Problem details: What's needed is an exact copy of the lines from the one that contains "Dark Fury - Hooded" to the end of the data below, leaving the pictures out.

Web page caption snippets
+-------+

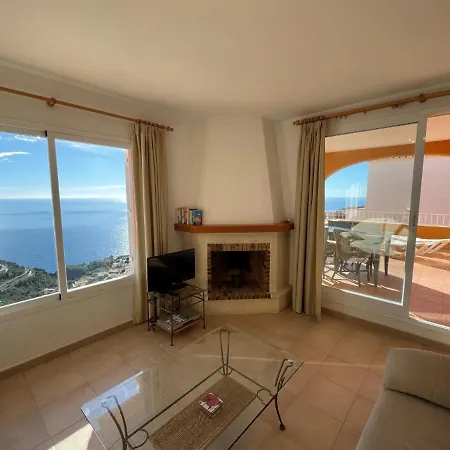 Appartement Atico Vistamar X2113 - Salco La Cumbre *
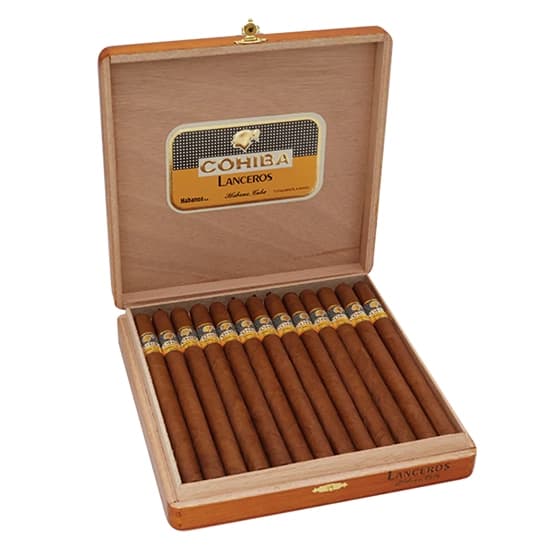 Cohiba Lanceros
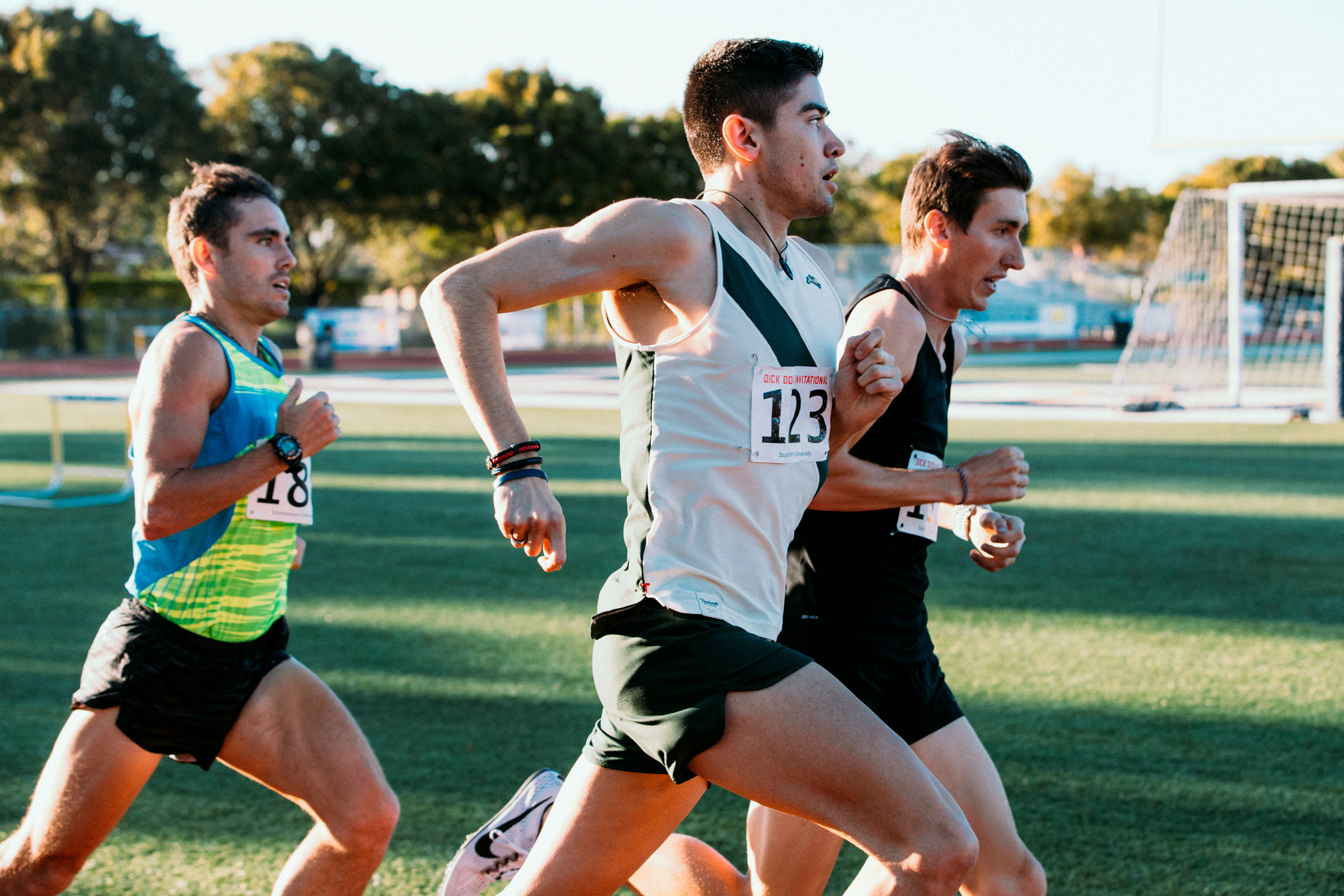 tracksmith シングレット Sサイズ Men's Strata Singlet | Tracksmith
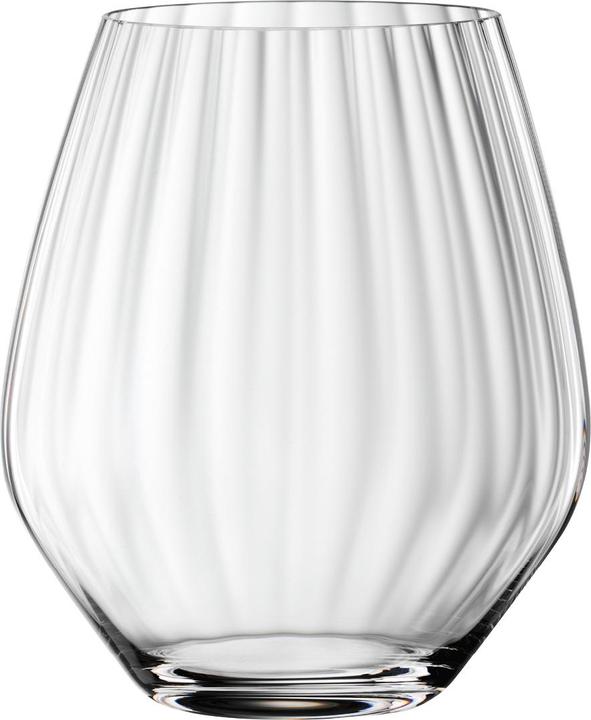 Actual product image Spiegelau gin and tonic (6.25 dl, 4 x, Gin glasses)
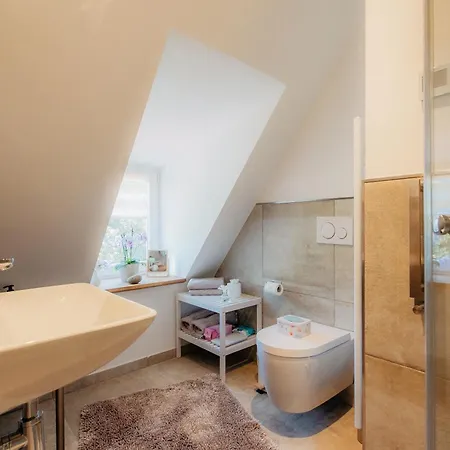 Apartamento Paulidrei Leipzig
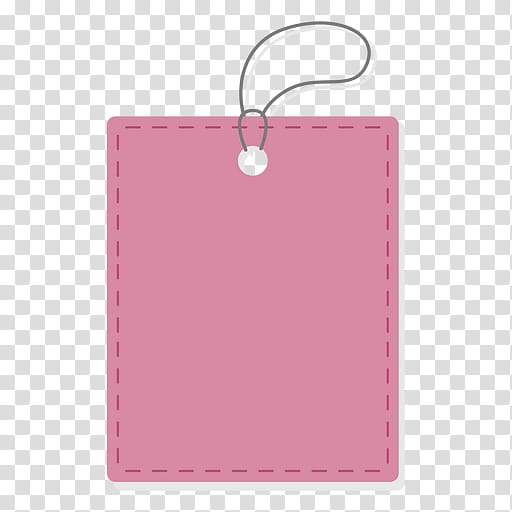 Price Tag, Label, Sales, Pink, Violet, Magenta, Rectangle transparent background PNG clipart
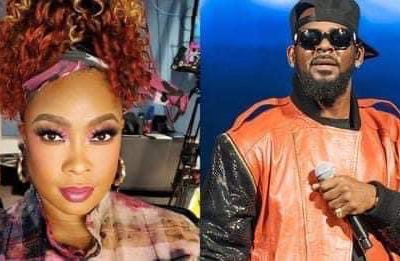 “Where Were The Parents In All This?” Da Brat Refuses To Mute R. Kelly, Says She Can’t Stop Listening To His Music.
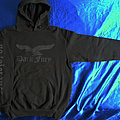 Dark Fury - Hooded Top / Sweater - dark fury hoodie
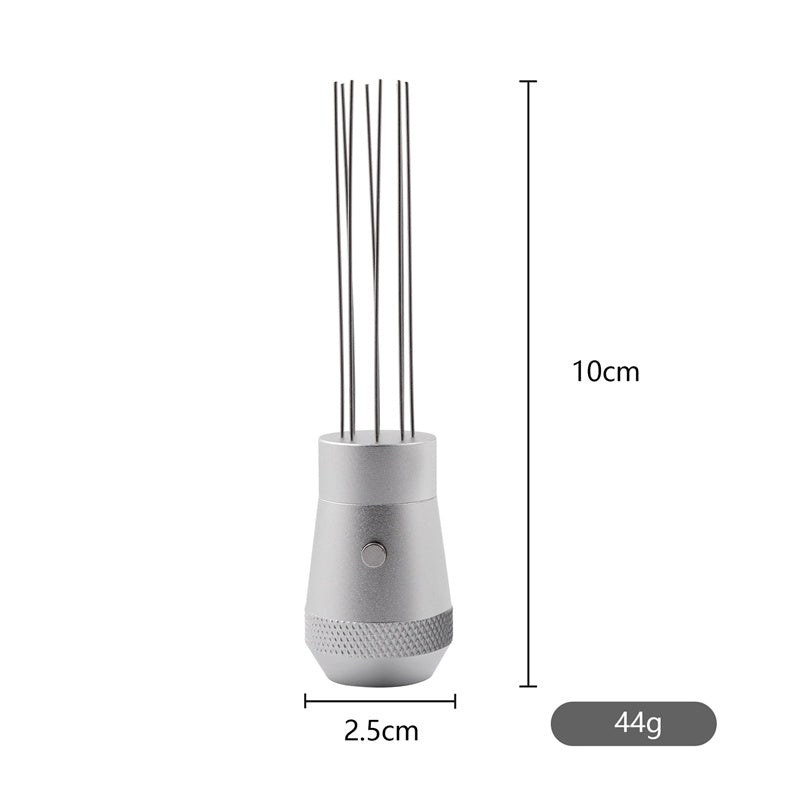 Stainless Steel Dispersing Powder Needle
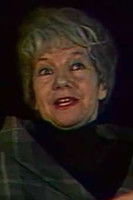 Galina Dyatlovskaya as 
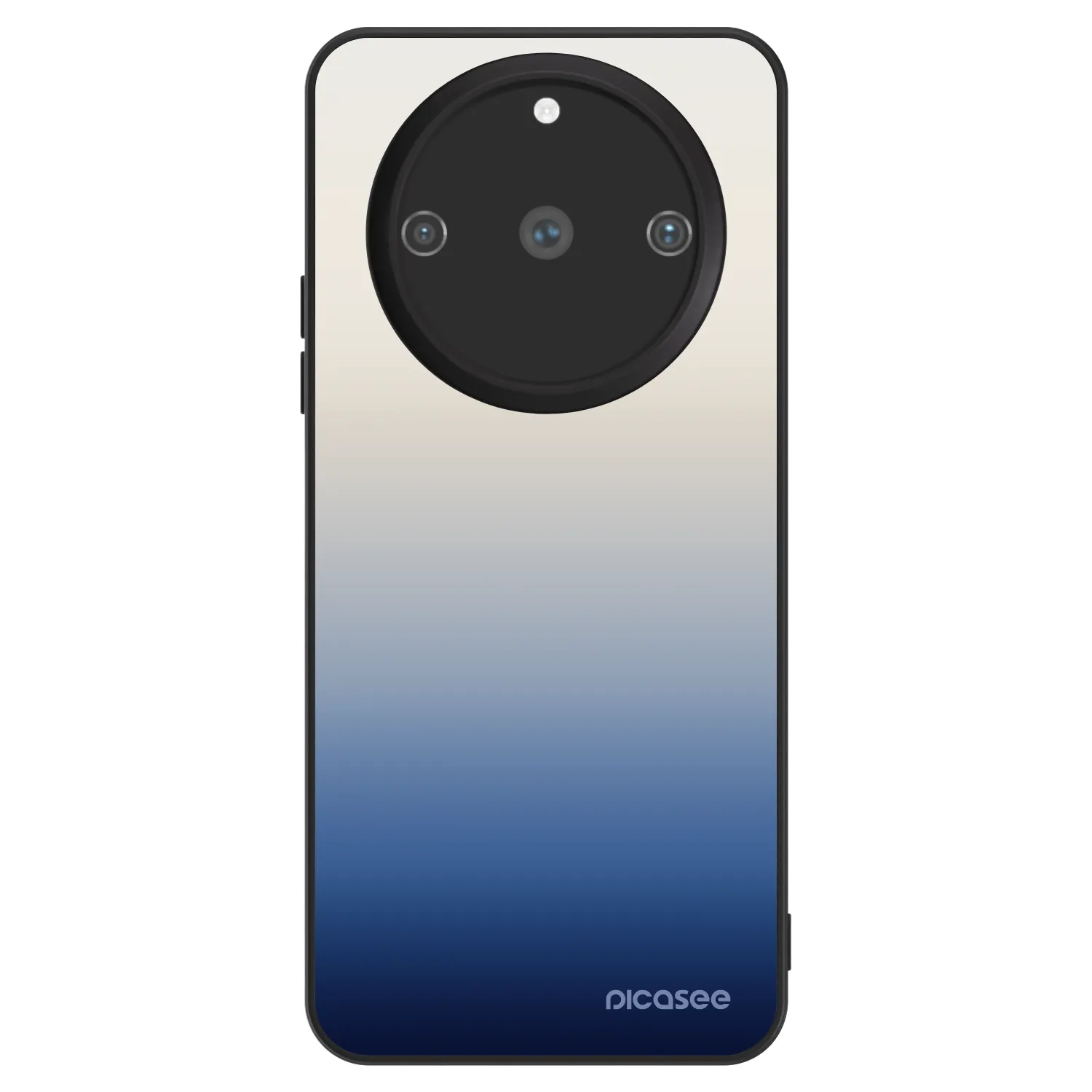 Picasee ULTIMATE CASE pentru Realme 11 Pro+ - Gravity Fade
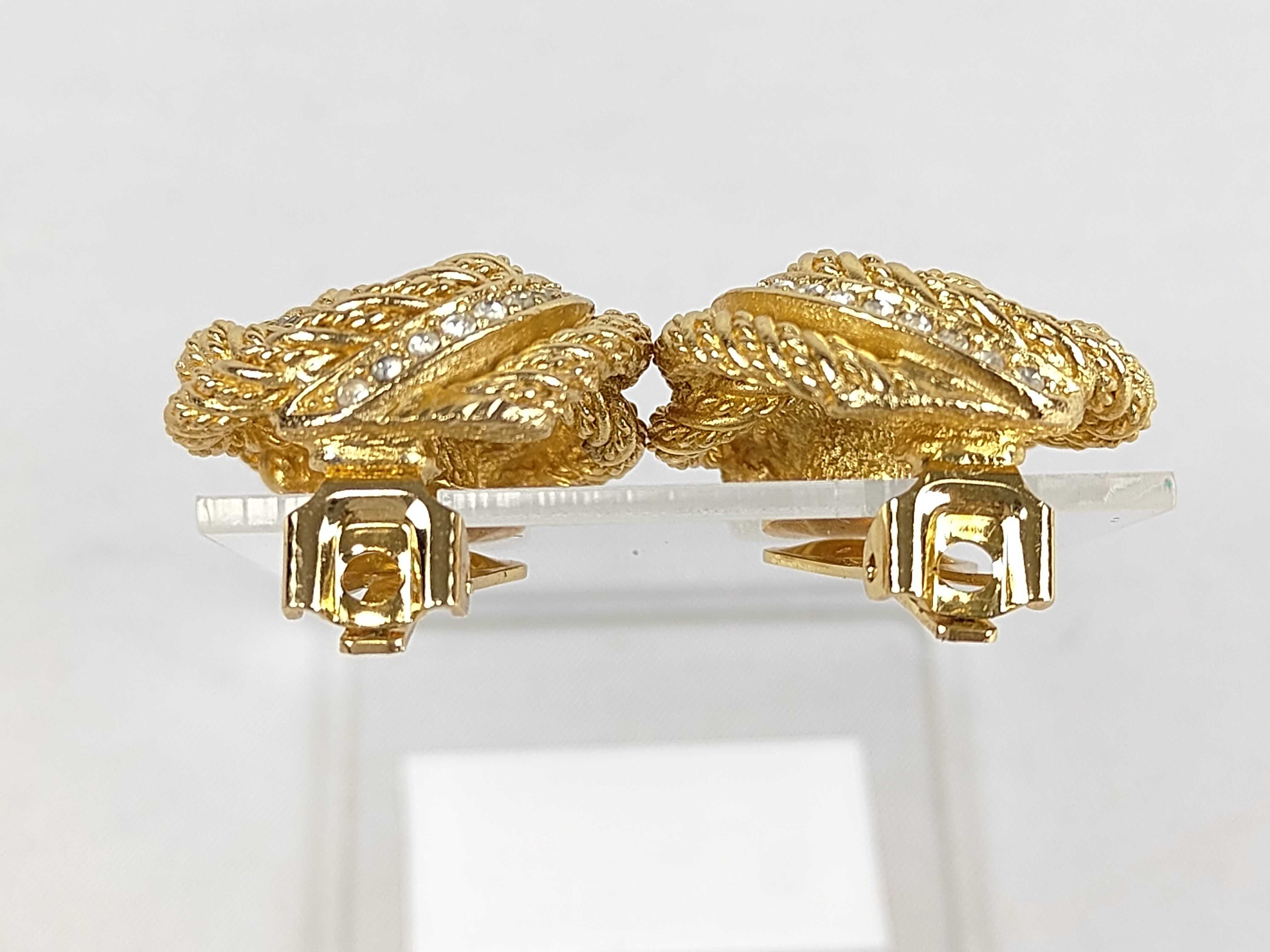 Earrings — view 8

+-------+

Answer to this problem:
 Dark Fury - Hooded Top / Sweater - dark fury hoodie
 Stainless Steel Dispersing Powder Needle
 Galina Dyatlovskaya as 
 Picasee ULTIMATE CASE pentru Realme 11 Pro+ - Gravity Fade
 Earrings — view 8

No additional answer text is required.